It's a little past midnight on a cold, October night. The setting felt and looked like something out of a horror flick. The misting rain began picking up tempo. Thick, milky fog was beginning to set in. I starred at the reflection of the blue flashing lights on the hood of my car. Off. On. Off. On. Click. Click. Click. Click. My leg was shaking with angst. Sitting. Waiting. I am horrible at waiting. I slam the throttle to the floor boards, dump the clutch, the car leaps out of the grass and slides sideways as the tires try to grip the wet asphalt of the back country road. I hear the sirens and the loud squeal of friction. Quickly, I reached 70mph and with both feet I stomped on the brake pedal the car fish tailed and slid sideways again. The brake dust and smoke from the rubber drift past the front of the Crown Victoria police car. :exhale: Everything grew silent again. "Cut" was the word that buzzed through my ear piece. He walks up and leans into my window, "That was perfect. Got it in the first-take. Good job driver." I stuff back my anxiousness and give him the typical "know-it-all" smirk. (That smirk is a trademark of mine. Typically, it gets me into more trouble than good.) Deep down I was relieved. That was five years ago this week. It was my first day on the job as a stunt driver. As I look back at it now I remember it being so fun, intense and performance driven. But sadly, at the time, I wasn't enjoying it. I was frustrated. Ever since I first moved to Charlotte I have had a plan, become a crew chief. That plan seems to get sidelined all too often. I have had some really cool things come across my plate, such as stunt driving, but I never allowed myself to enjoy them. It always felt like I was cheating on my dream. I was having fun but I was wasting valuable time.

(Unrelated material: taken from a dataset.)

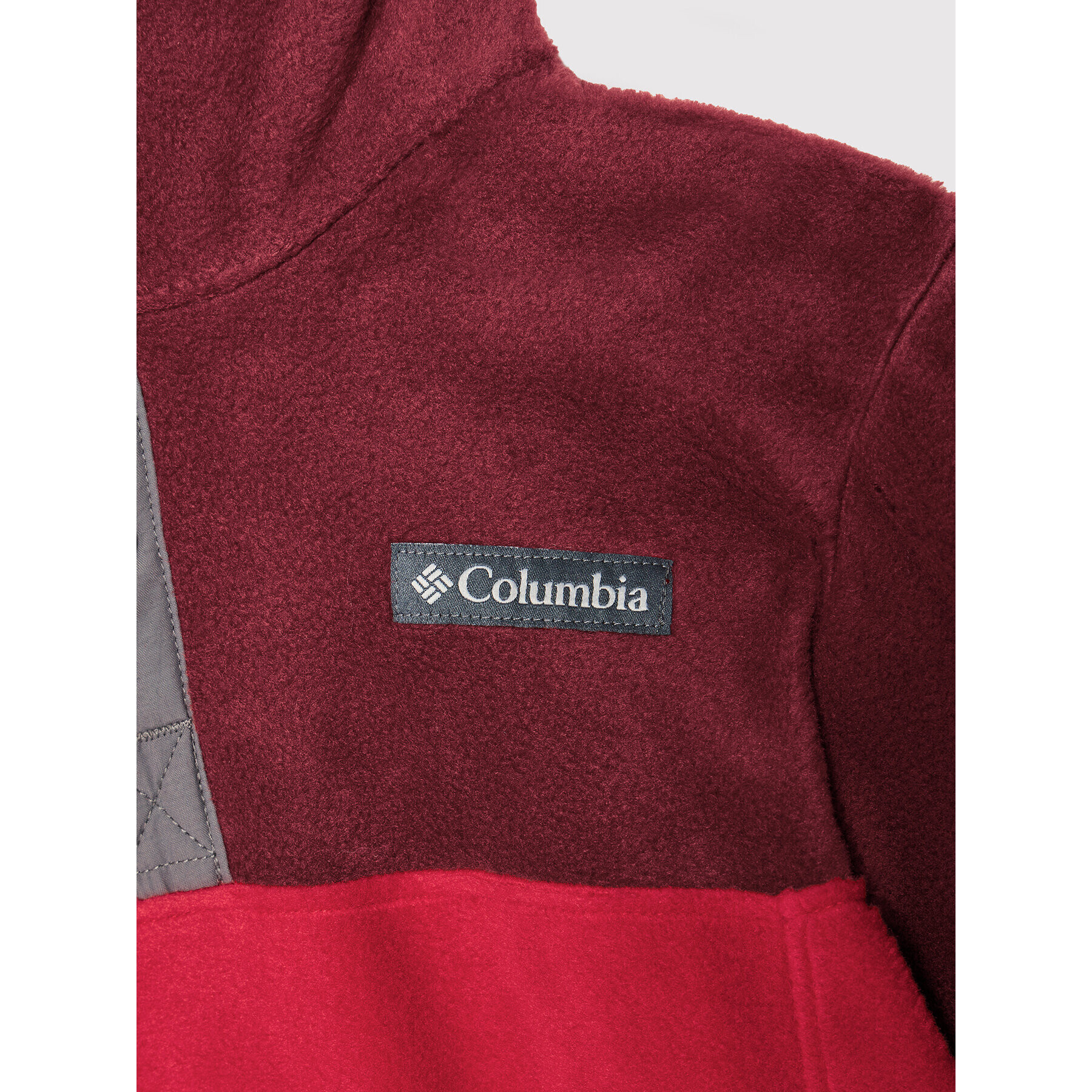 Columbia Fleecová mikina Steens Mtn 1863931 Červená Regular Fit - Pepit.cz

And as it turns out, females who actually enjoy wrecking vehicles are hard to find in Hollywood. (Let’s just say I had plenty of practice when I was racing, I am rather numb to the drama of it all at this point) Any who, I was given a pretty neat opportunity to move to California and pursue my career as a stunt woman but I turned it down. In end it wasn’t what I wanted. I landed a few gigs, got my SAG card and never went back. I regret never taking the moment in and enjoying it.
I find myself here again. I have accepted a really interesting job at a brake company where I have the opportunity to design, engineer, maintain and sell high performance braking systems to the race teams. I get to travel to the race track and do technical support which fills my weekends with travel again rather than yard work. Conveniently, working on brakes is my favorite thing to do as a mechanic. And now I am being given the opportunity to learn and truly be a brake specialist. And just like five years ago, in the back of my mind, I am frustrated. I have no idea how this detour is going to help me pursue my dream. I am still hoping that being a crew chief is somewhere on the blueprint for AP. I wasn't gifted with the ability to see the future. Outside of the super power of being invisible, the ability to know the future would be my second choice. I have awesome memories of my days as a stunt driver and somehow, some way I ended up as a car chief four years later. I wish I could have told myself, “Enjoy this. Stop worrying. It will all work out.”
How I will get back on my breadcrumbs path to success I have no idea but this time I am going to enjoy the here and now and make the most of my opportunities.